Hi everyone,
This is an announcement for Gallia, a new library for data manipulation that maintains a schema throughout transformations.
Here’s a very basic example of usage on an individual object:
"""{"foo": "hello", "bar": 1, "baz": true, "qux": "world"}"""
.read() // will infer schema if none is provided
.toUpperCase('foo)
.increment ('bar)
.remove ('qux)
.nest ('baz).under('parent)
.flip ('parent |> 'baz)
.printJson()
// prints: {"foo": "HELLO", "bar": 2, "parent": { "baz": false }}
Trying to manipulate 'parent |> 'baz
as anything other than a boolean results in a type failure at runtime (but before the data is seen):
.square ('parent |> 'baz ~> 'BAZ) // instead of "flip" earlier
// ERROR: TypeMismatch (Boolean, expected Number): 'parent |> 'baz
SQL-like processing looks like the following:
"/data/people.jsonl.gz2"
// case class Person(name: String, ...)
.stream[Person]
// INPUT: [{"name": "John", "age": 20, "city": "Toronto"}, {...

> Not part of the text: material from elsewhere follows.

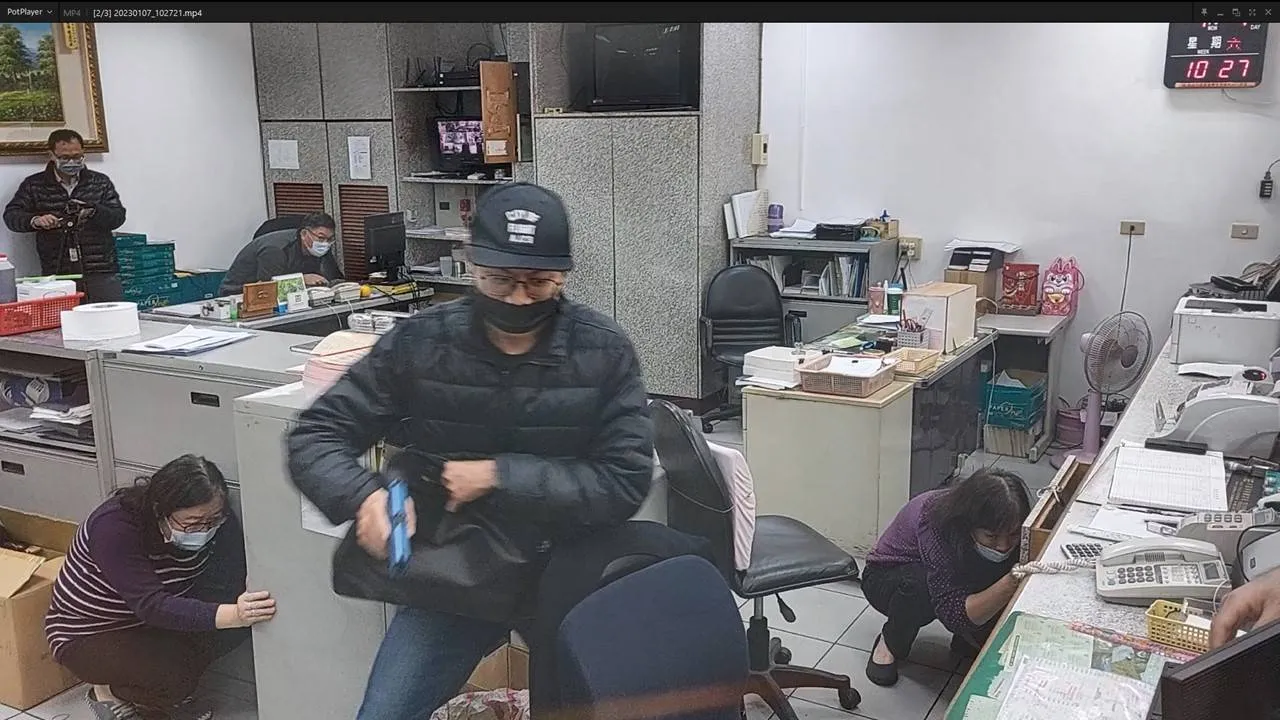 歹徒行搶。桃園警分局提供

/* 1. WHERE */ .filterBy('age).matches(_ < 25)
/* 2. SELECT */ .retain('name, 'age)
/* 3. GROUP BY + COUNT */ .countBy('age)
// OUTPUT: [{"age": 21, "_count": 10}, {"age": 22, ...
More examples:
It’s also possible to process data at scale by leveraging Spark RDDs.
A much more thorough tour can be found at https://github.com/galliaproject/gallia-core/blob/init/README.md
I would love to hear whether this is an effort worth pursuing!
Anthony (@anthony_cros)